AIM OF THE EXERCISE
A word-for-word copy of the listing is required, and it must contain no pictures.

DATA SHOWN

- - - - -

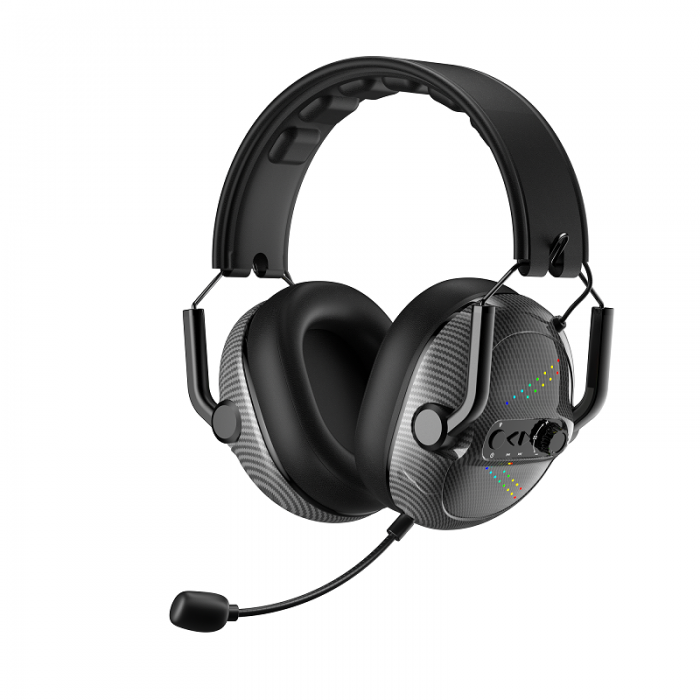AULA S609 3-in-1 RGB GAMING HEADSET with ANC 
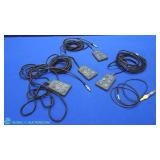 Arthrex AR-6482 Lot of 4 Remote Control Units For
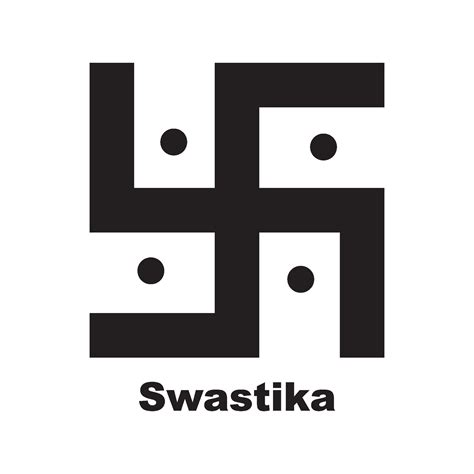 Swastika symbol design 46483379 Vector Art at Vecteezy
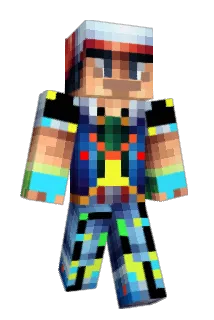 BattleMed1590 Minecraft avatar full body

- - - - -

WRITTEN ANSWER
AULA S609 3-in-1 RGB GAMING HEADSET with ANC 
 Arthrex AR-6482 Lot of 4 Remote Control Units For
 Swastika symbol design 46483379 Vector Art at Vecteezy
 BattleMed1590 Minecraft avatar full body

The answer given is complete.